I sold my 2004 at 400k miles and the guy after me got it up to 600k before selling it to someone else. Those cars really are tanks.


----------



## Sal29 (Jul 27, 2014)

According to Edmonds, there's a huge difference in rear legroom between the Town Car and MKS.
http://www.edmunds.com/car-reviews/...0000-with-the-most-rear-legroom-for-2011.html


----------



## EcoboostMKS (Nov 6, 2015)

I've owned both and they both seem pretty close to me. I keep my passenger side seat pushed all the way up and there's plenty of room back there. I don't notice and my regular customers haven't mentioned anything about any difference. But again, I've never owned an L town car. I've been in them and those have noticeably more leg room.


----------



## Sal29 (Jul 27, 2014)

I'm not saying that the MKS has no legroom. It has good legroom, but the Town Car was in the league of the Rolls Royce Phantoms and Maybachs of the world in rear legroom. Yoy just can't buy a new car with that kind of legroom under 50k these days.


----------



## EcoboostMKS (Nov 6, 2015)

The town car was a great car. No doubt about it. Problem is they're for a niche market and the look was really outdated. Unless you drove the car for limo work, you really don't care about an extra 5" of legroom in the backseat. And unless you were a limo driver, you'd probably never even want to own a town car. They're nice cars with tons of room and comfort, but they're work cars that were built to last and take beatings.


----------



## MothMan (May 15, 2016)

There are other longer wheelbase offerings in the luxury market that give extra legroom in the back.

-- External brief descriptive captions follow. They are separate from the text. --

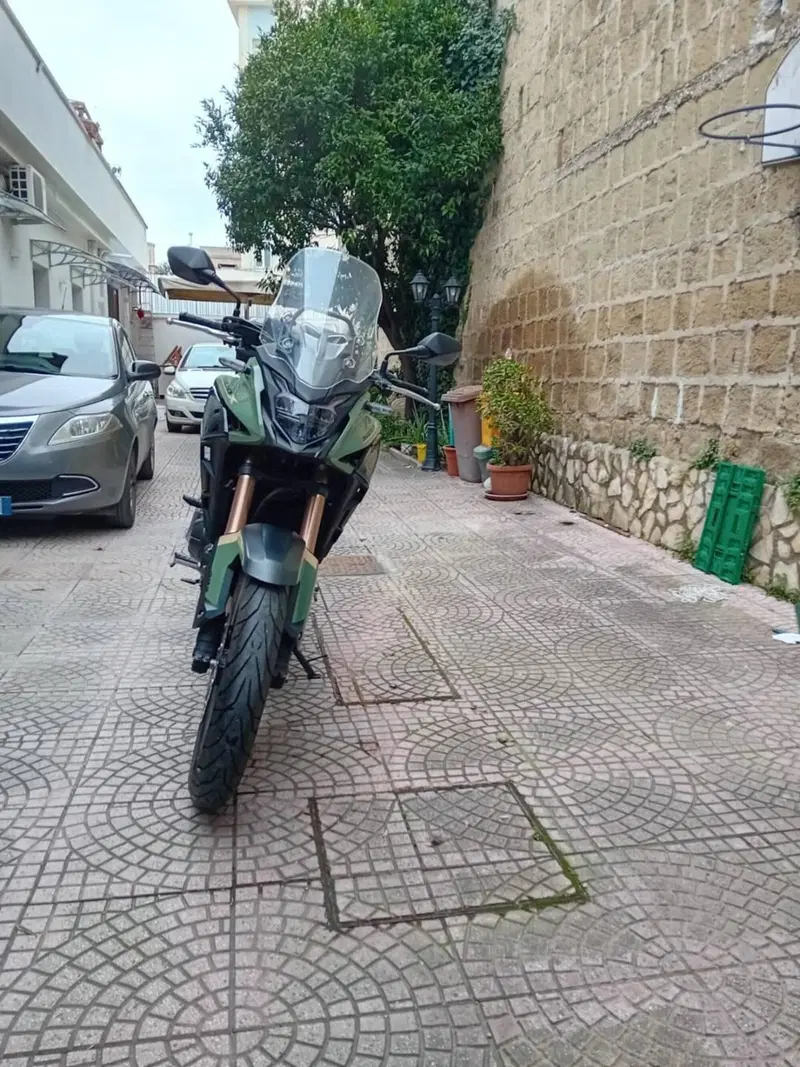 Honda CB 500 X (2022 - 23) (4)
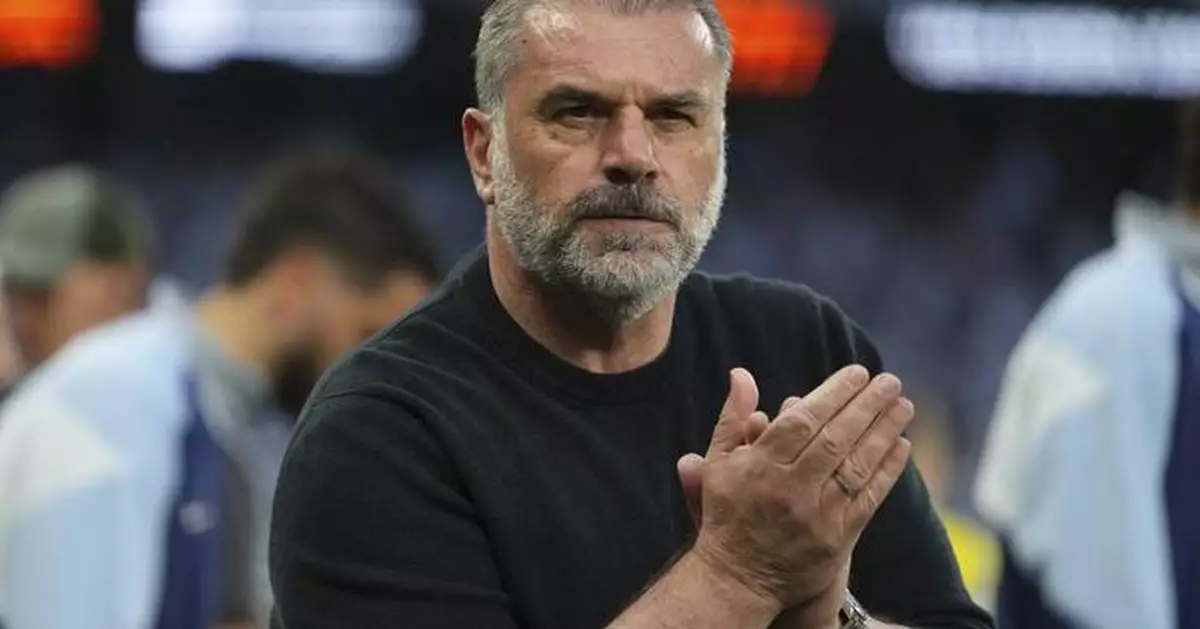 Ange Postecoglou appointed coach of Nottingham Forest hours after Nuno Espirito Santo was fired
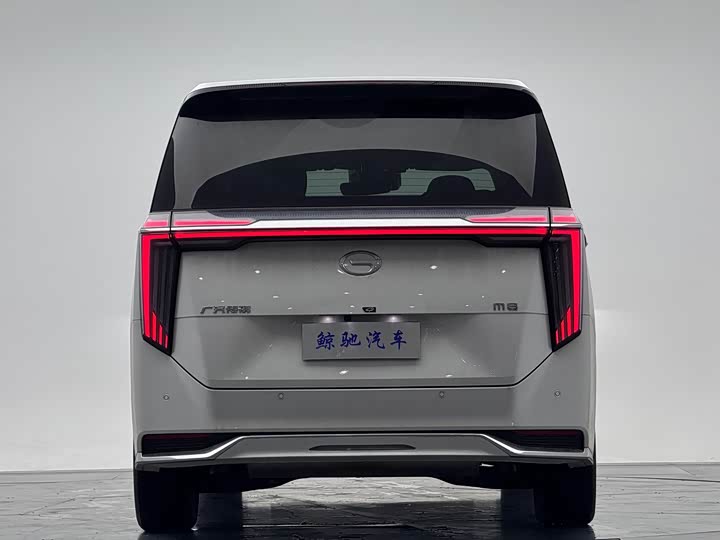 Фото 4 - GAC Trumpchi M8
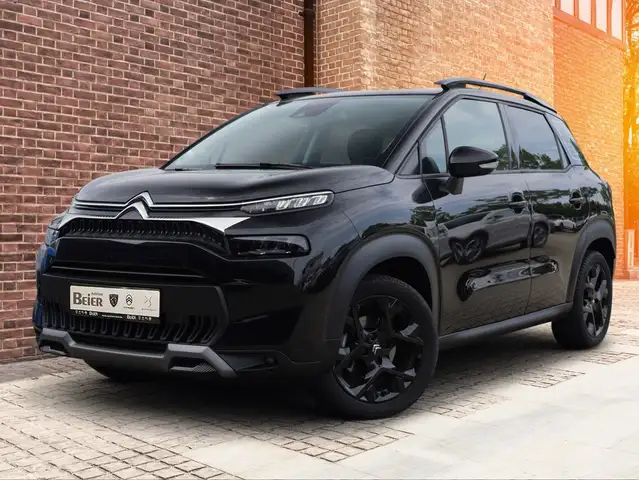 Citroen C3 Aircross view 2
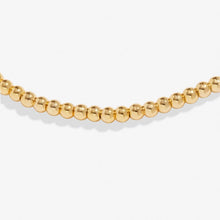 Load image into Gallery viewer, Gold Bead Stacking Bracelet - 2.5mm
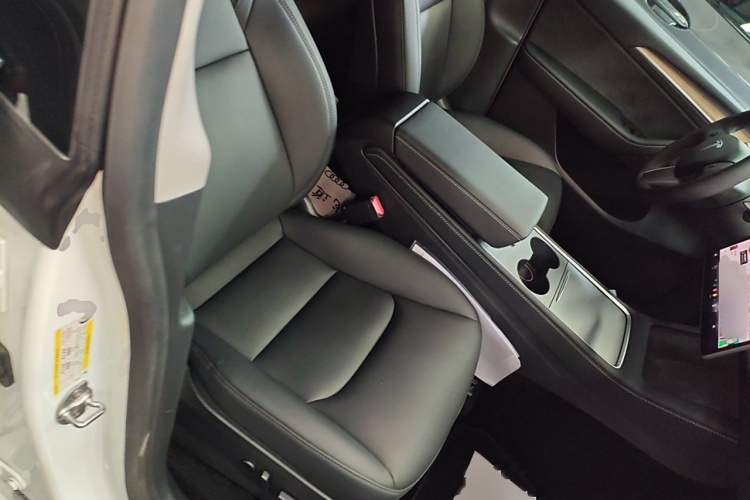 特斯拉 Model Y 2021款 长续航全轮驱动版 3D7局部细节41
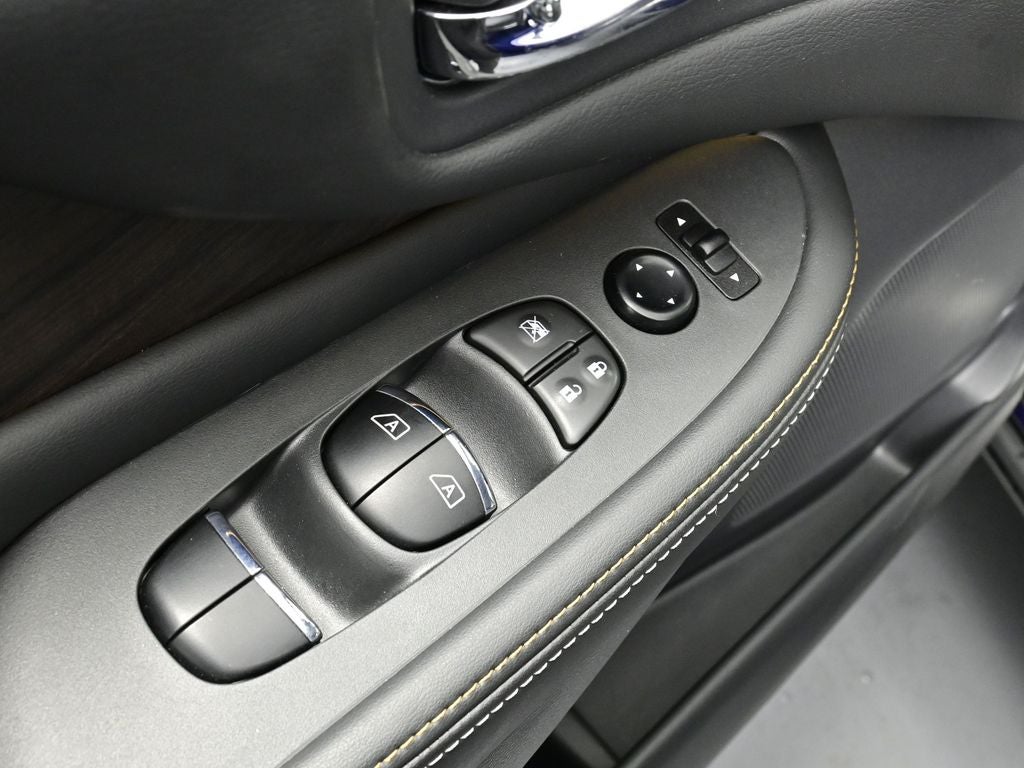 2023 Nissan Murano Platinum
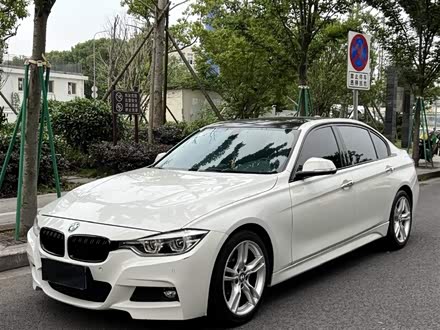 宝马3系 2018款 320Li 时尚型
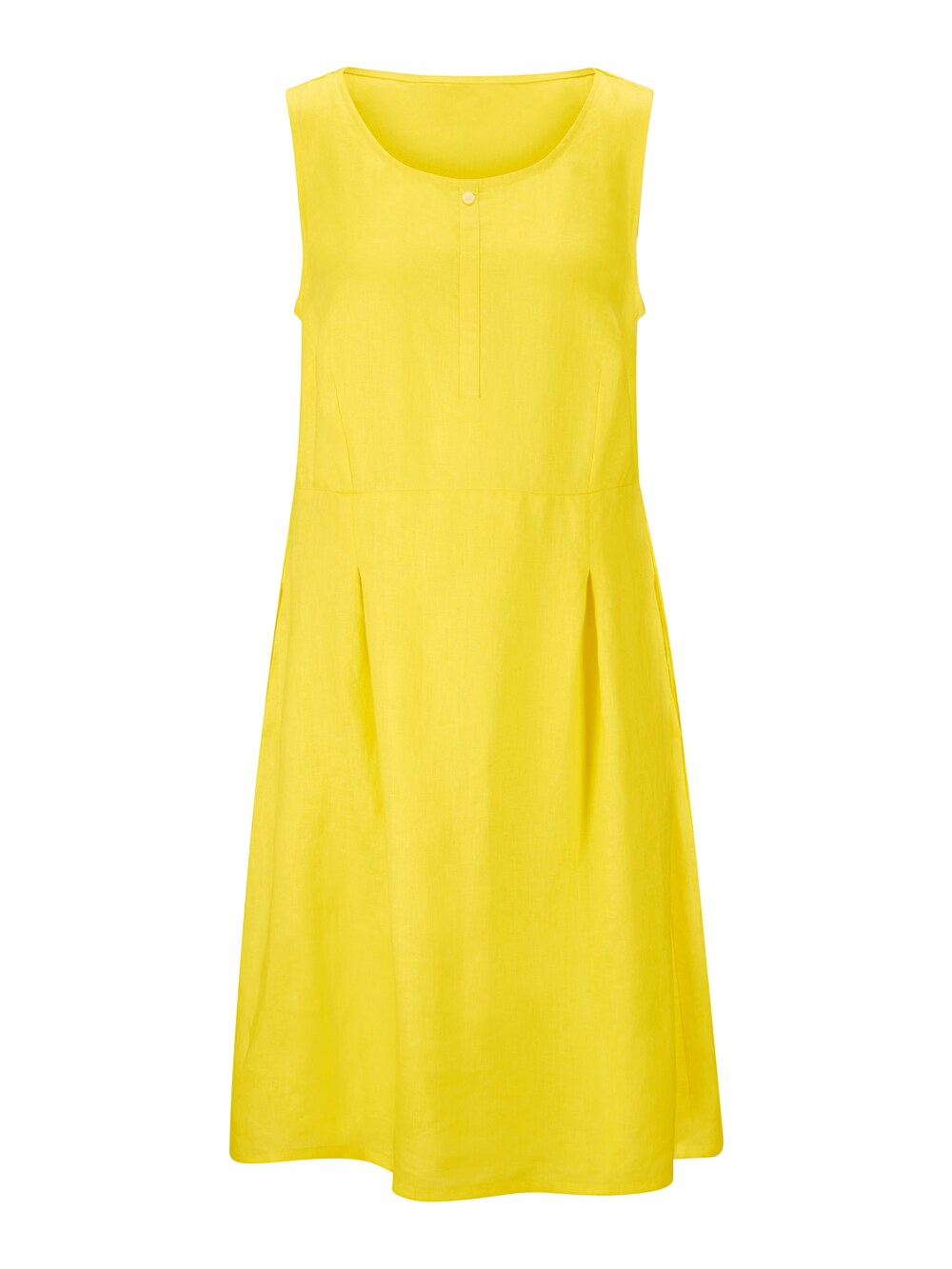 Летнее платье Heine, желтый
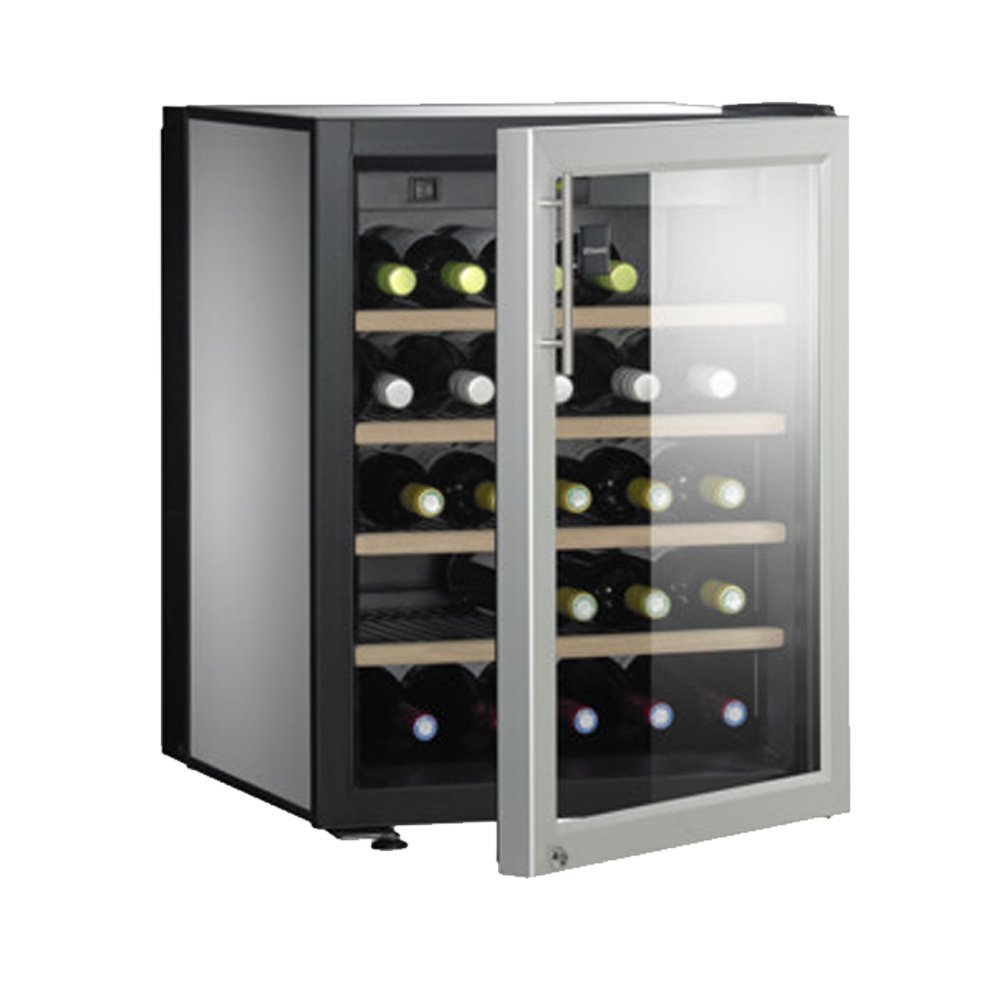 Dometic MaCave A25G - Wein-Kühlschrank zur idealen Wein-Lagerung von 25 - 36 Flaschen, 1-Zonen Wein-Kühler von 8 - 18 °C individuell einstellbar für die perfekte Wein-Temperatur, vibrationsfrei und lautlos durch Absorber-Technologie Dometic MaCave A25G - Wein-Kühlschrank zur idealen Wein-Lagerung von 25 - 36 Flaschen, 1-Zonen Wein-Kühler von 8 - 18 °C individuell einstellbar für die perfekte Wein-Temperatur, vibrationsfrei und lautlos durch Absorber-Technologie von DOMETIC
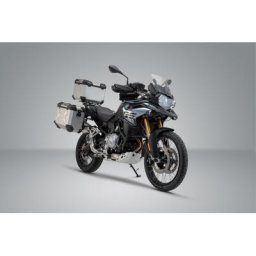 SW-Motech BMW F 750 GS, F 850 GS (17-20). - BMW F 750 GS, F 850 GS (17-20).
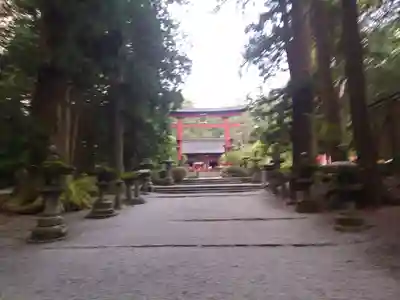 北口本宮冨士浅間神社(山梨県)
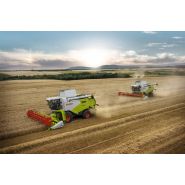 Tucano 450-320 moissonneuse batteuse - class - trémie (l) 10000_3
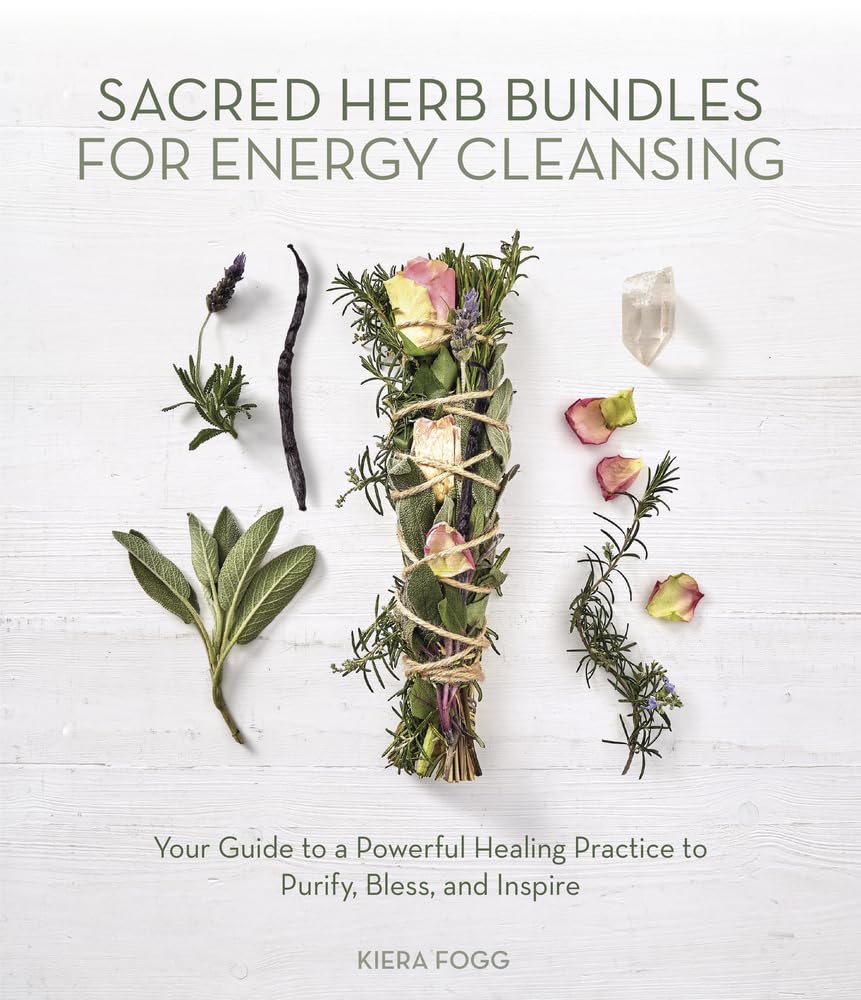 Algopix Similar Product 1 - Sacred Herb Bundles for Energy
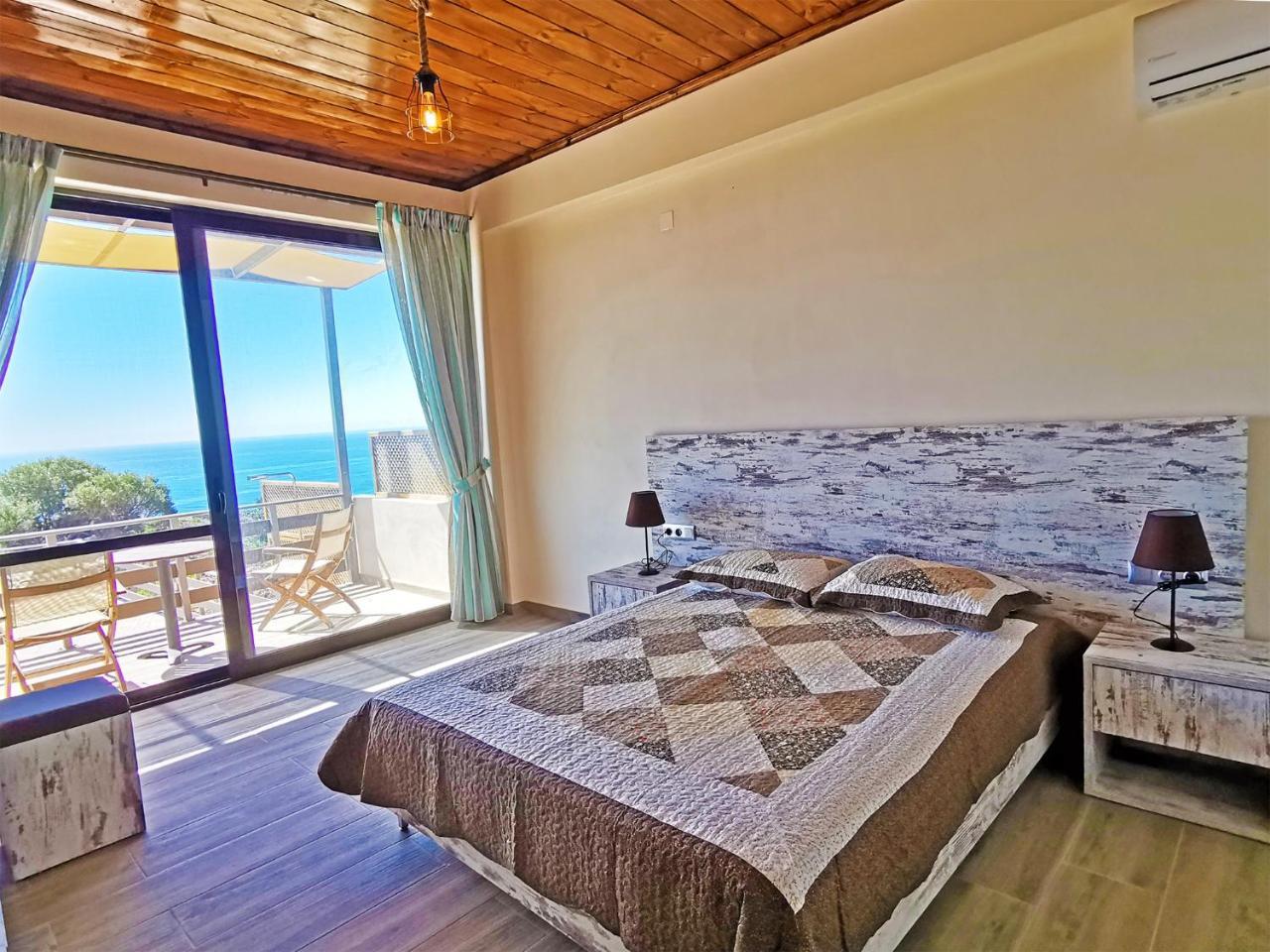 Souda Bay Cottage Plakias Luaran gambar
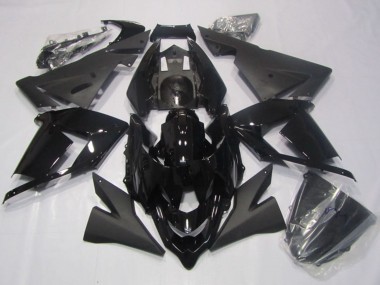 Venta Carenado Moto Kawasaki ZX10R 2004-2005 - Negro Brillante Negro Mate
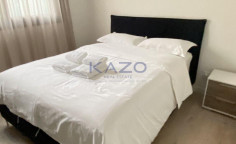 Spacious three bedroom apartment in peaceful Asomatos with pool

http://www.roadandtrack.com/new-car...ews/a17569/four-long-wheelbase-luxury-sedans/


----------



## Jimmy Bernat (Apr 12, 2016)

I think any car with at least 37 inches of rear leg room is great .

I know my pax really appreciate the 39.5 inches of rear leg room in my Passat (more then a current 7 Series or A8 non L) and really that's more then enough room , you can be 6'4" and use a laptop, put your cross one leg on top of the other no issue . I think anything over 40 inches is probably over kill (unless it's specifically for Limo service)

My Bimmer on the other hand with it's 34.6 is a little on the snug side. I'm a 6 foot fat american and if I get in the back I can fit behind myself but it's definitely not roomy

I remember having a Lincoln Continental in High School it was a 94 I believe that thing has a huge back seat not town car status but it was big , I think over 40 inches

I've thought about getting a town car specifically for ubering but the gas mileage just isn't there. If I could get a Town Car to hit 25mpg highway I'd be all over it . Since a 2008 or newer (Denver Select cut off) can be had for under $4k


----------



## CM30518 (Jan 10, 2017)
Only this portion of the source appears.